• [WHAT YOU WILL DO] Once you have found the line with "2002年12月22日是什么星座（2002年12月22号是农历几号）" in the records below, retype it and every line after it to the end exactly, with no pictures and nothing more.

+++++

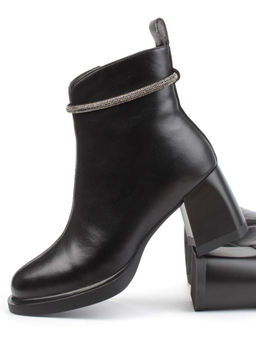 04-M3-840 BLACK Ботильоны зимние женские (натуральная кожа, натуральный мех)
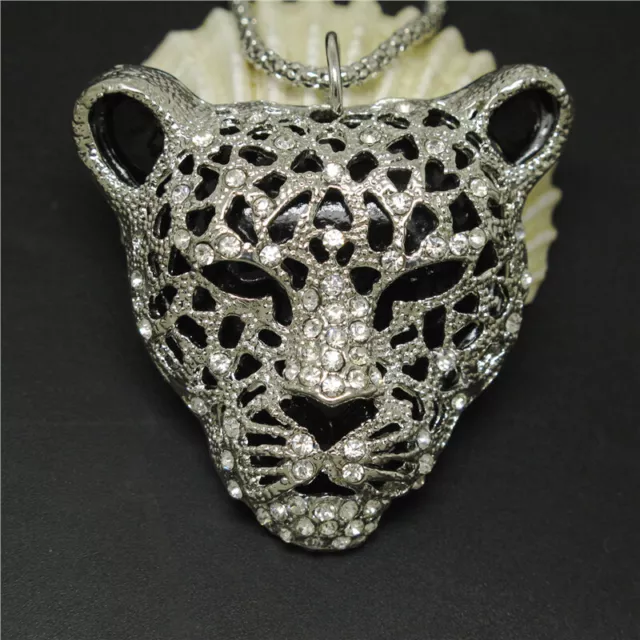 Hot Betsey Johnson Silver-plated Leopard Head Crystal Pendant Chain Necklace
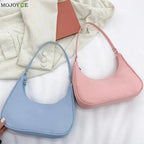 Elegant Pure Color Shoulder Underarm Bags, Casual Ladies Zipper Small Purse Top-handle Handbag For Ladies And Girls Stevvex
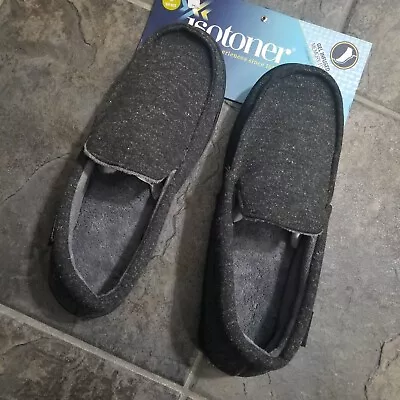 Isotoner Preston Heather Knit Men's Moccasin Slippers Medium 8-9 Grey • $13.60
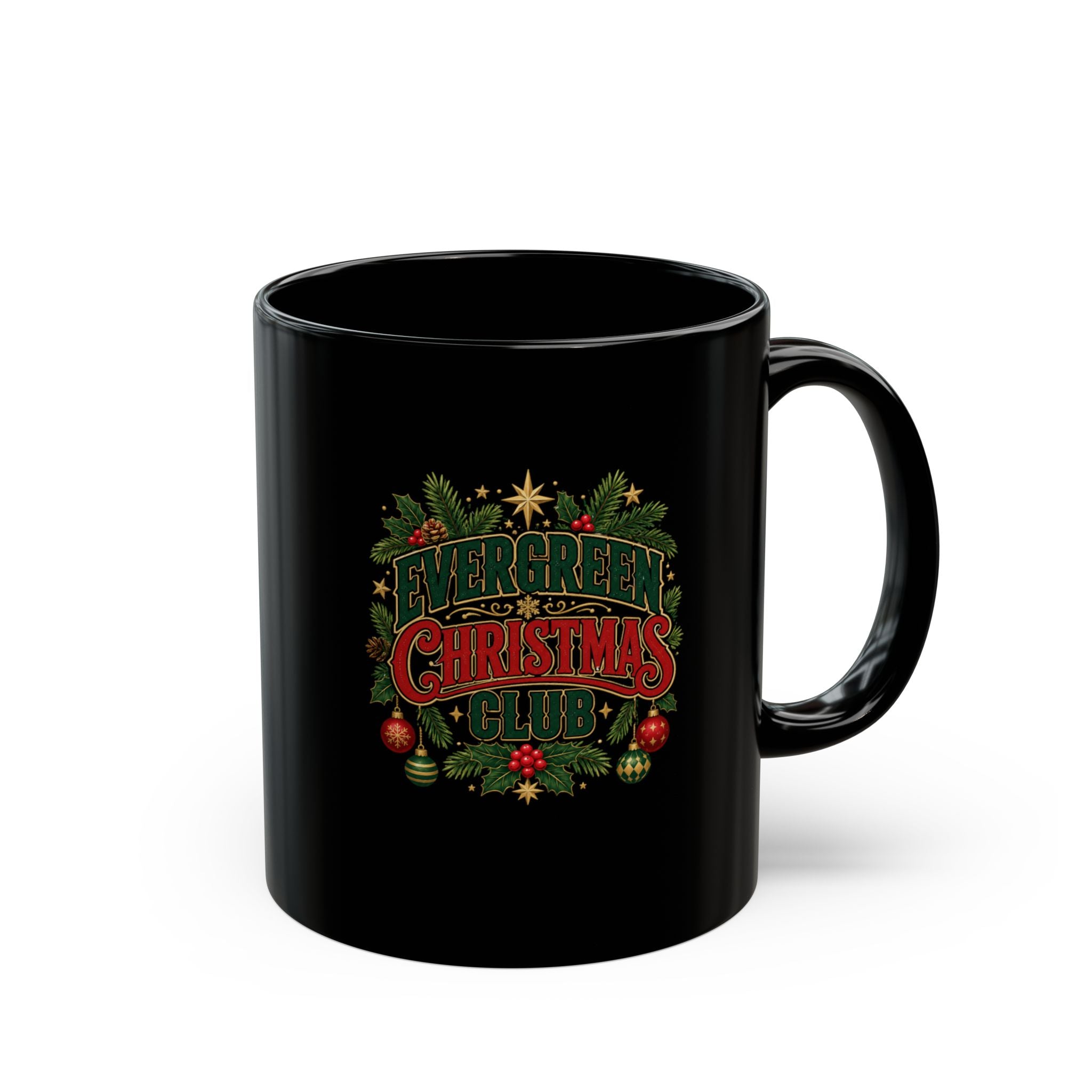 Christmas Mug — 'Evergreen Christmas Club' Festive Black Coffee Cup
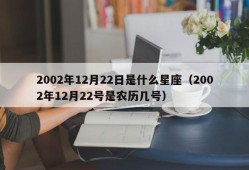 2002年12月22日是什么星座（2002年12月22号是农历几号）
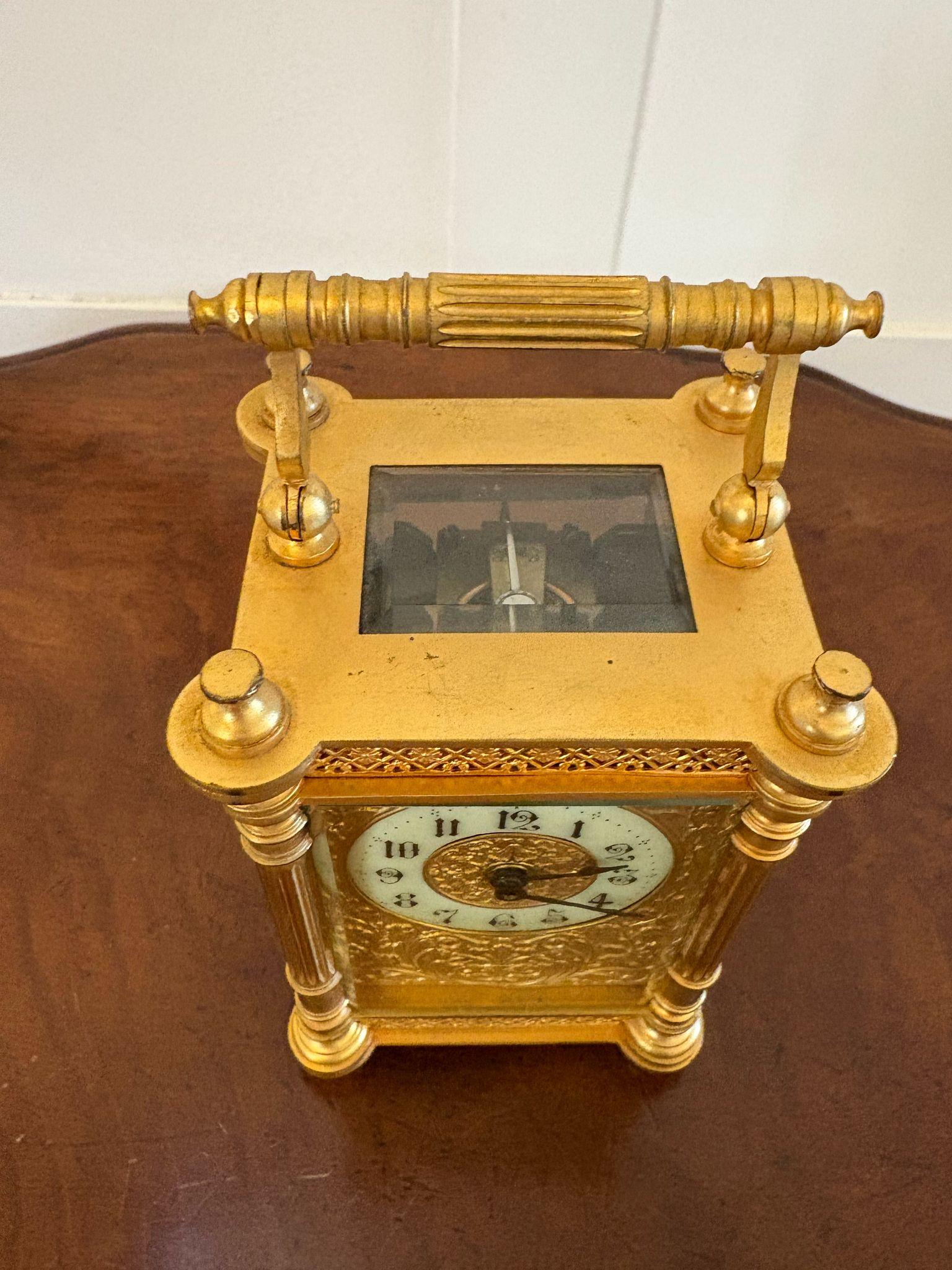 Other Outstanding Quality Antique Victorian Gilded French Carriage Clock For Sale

+++++

• [SOLVED PROBLEM]
 2002年12月22日是什么星座（2002年12月22号是农历几号）
 Other Outstanding Quality Antique Victorian Gilded French Carriage Clock For Sale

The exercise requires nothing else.